Haber revelado en un caso -Zaillian- y sancionado en dos -Spielberg y Trueba- la maestría de tres maestros del oficio de hacer cine, convierte a esta edición de los premios de Hollywood en un acontecimiento serio, aunque tenga capítulos que se acerquen a la farsa o al amaño.

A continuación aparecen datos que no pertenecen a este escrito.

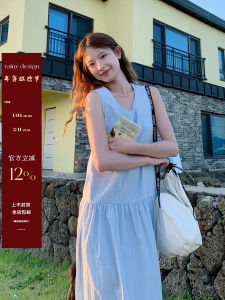 Rainy Casual Loose Drawstring Pocket Vest Dress Womens Simple round Neck Mid-Length Skirt Summer Soft Style No Sleeve Long Dress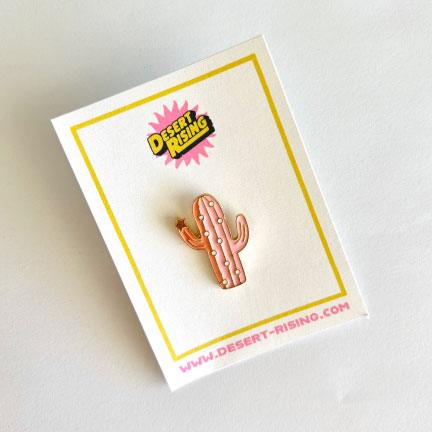 Pink and Gold Prickly Star Cactus Pin for sale from Desert Rising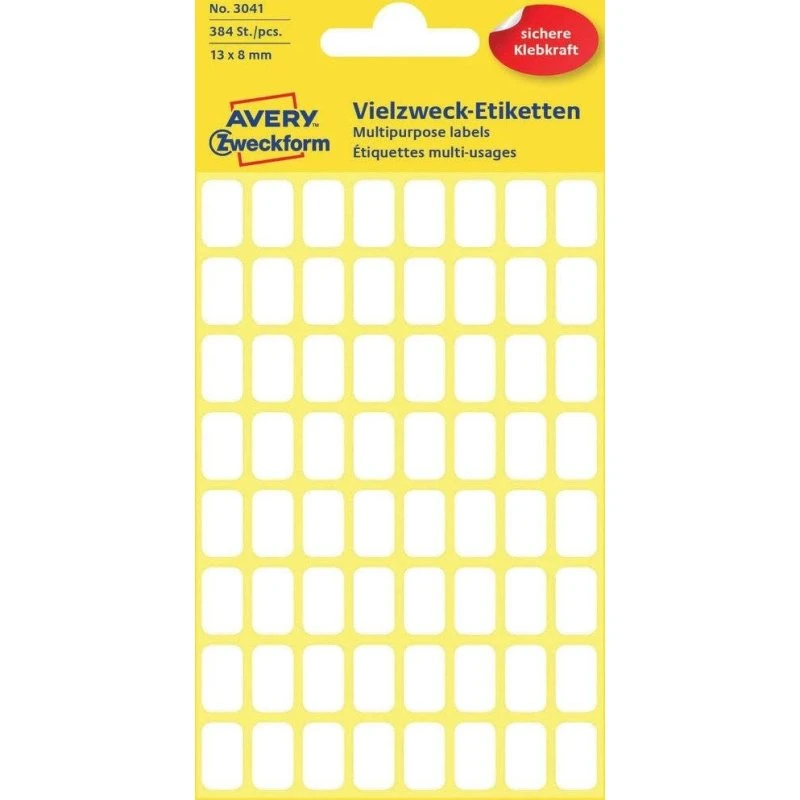 Avery Zweckform 3041 étiquettes 13 x 8 mm blanc (384 pièces)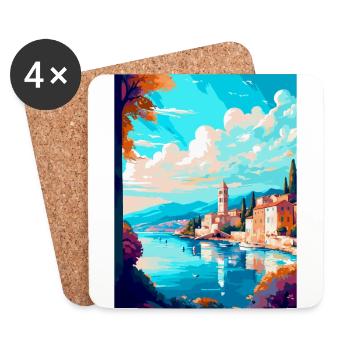 Split Kroatien Vintage Reiseplakat WPA Souvenir - Untersetzer (4er-Set) - Weiß - Vorne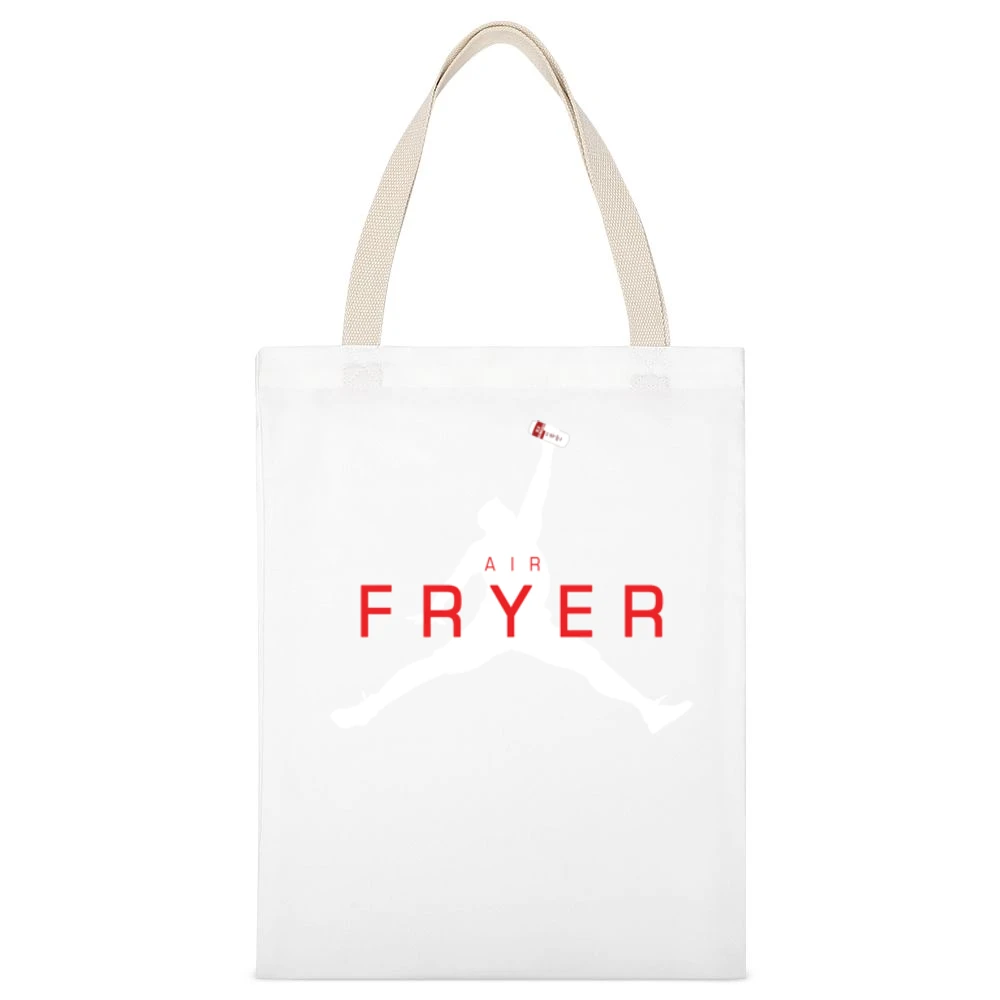 Air Fryer Parody White Logo White Canvas Tote Shopping Bag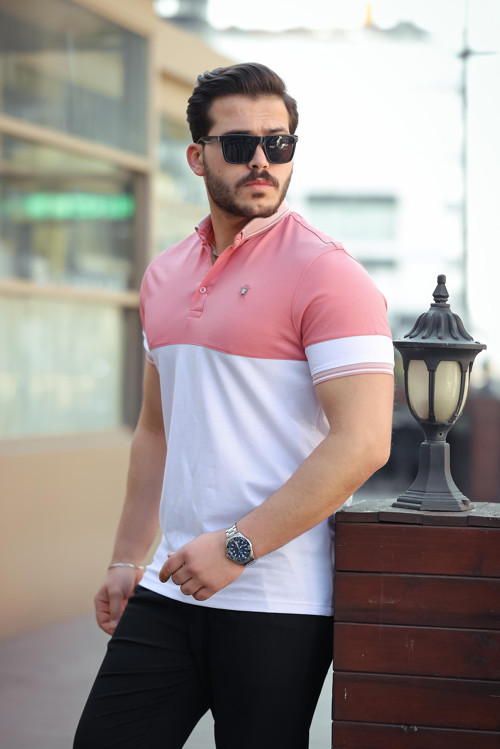 Pembe Beyaz Kagi Ston Parçalı Polo Yaka Kısa Kollu Tişört- 2402
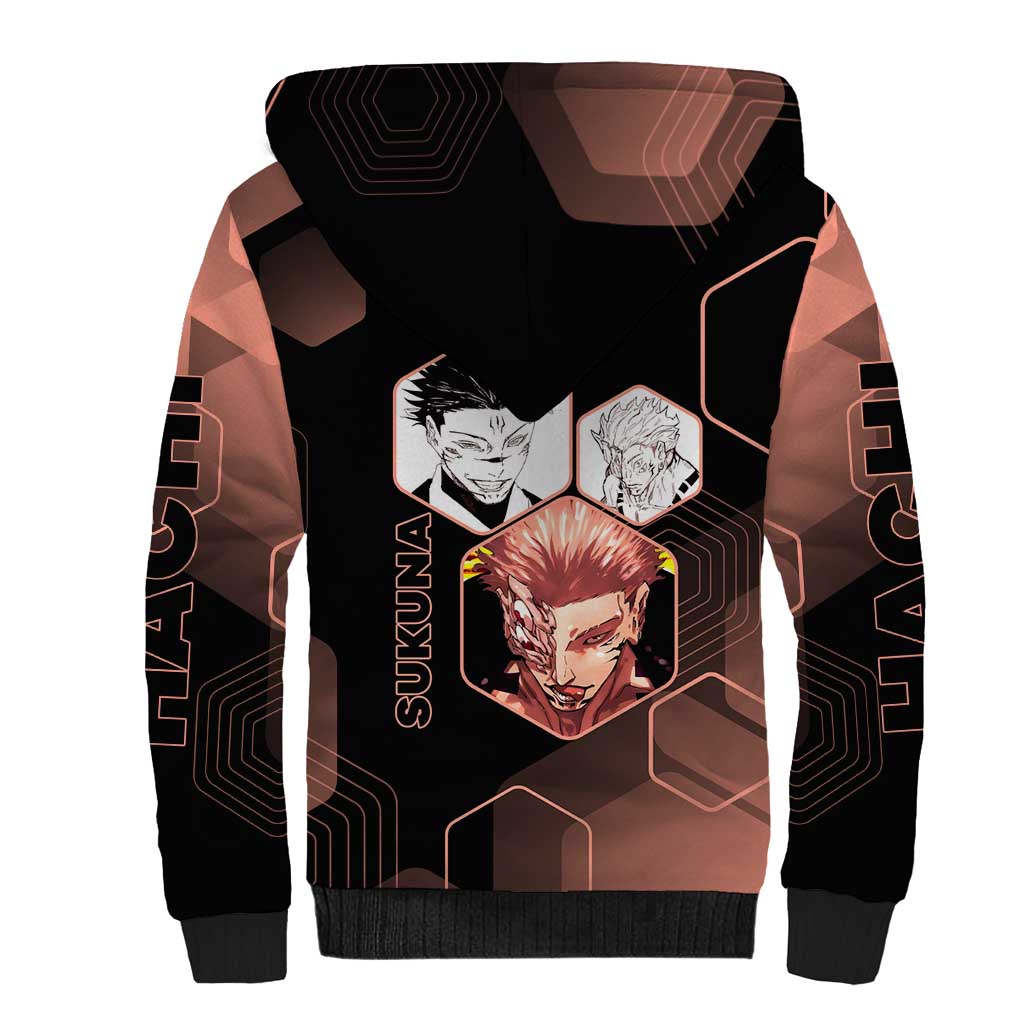 Ryomen Sukuna Jujutsu Kaisen Brown Hexagon Design Sherpa Hoodie with Cursed Marks and Manga Style Art - The Mazicc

Por ejemplo, la niña neozelandesa premiada por su trabajo en El piano es muy expresiva, desenvuelta y está dotada para la actuación, pero hacer con ella un ejercicio de paternalismo a costa del emocionante desgarro de Rosie Pérez en Fearless y del mejor momento de Emma Thompson en toda su carrera -la escena del segundo juicio en En el nombre del padre- parece una caricatura, que convierte a una ceremonia adulta en un festejo colegial de fin de curso.

Dos puntos de acuerdo probablemente casi unánimme: pocos discutirán que Holly Hunter, una vez discriminada de forma incomprensible la mágica Michelle Pfeiffer de La edad de la inocencia, no tenía rival entre sus cuatro competidoras tras verla en El piano; ni que al formidable Tommy Lee Jones, después de eclipsar ni más ni menos que al mismísimo sol, Harrison Ford, le fuera a apagar nadie -ni siquiera el magnífico Ralph Fiennes de La lista de Schindler- el fuego irónico con que deslumbró en El fugitivo.

Y un posible punto de fricción: nadie dudaba desde su triunfo en Berlín que Tom Hanks se iba a llevar a su chimenea de Beverly Hills el muñeco chapado en oro que desde hace dos años ya tiene en su chimenea londinense Anthony Hopkins tras su alarido en El silencio de los corderos. Esto se sabía, como se sabía que la conmovedora creación de Hanks es, pese a su filigrana, muy inferior a la del actor británico, pues este aventaja al americano en algo tan difícil de definir, y sin embargo tan diáfano, como es la posesión del genio. Hanks es un excelente actor, y su creación en la endeble Philadelphia es un excelente trabajo. Pero Hopkins es probablemente el mejor actor vivo, y su creación en En lo que queda del día es probablemente su mejor trabajo. Hay lógicamente un mundo, o un abismo, entre ambos.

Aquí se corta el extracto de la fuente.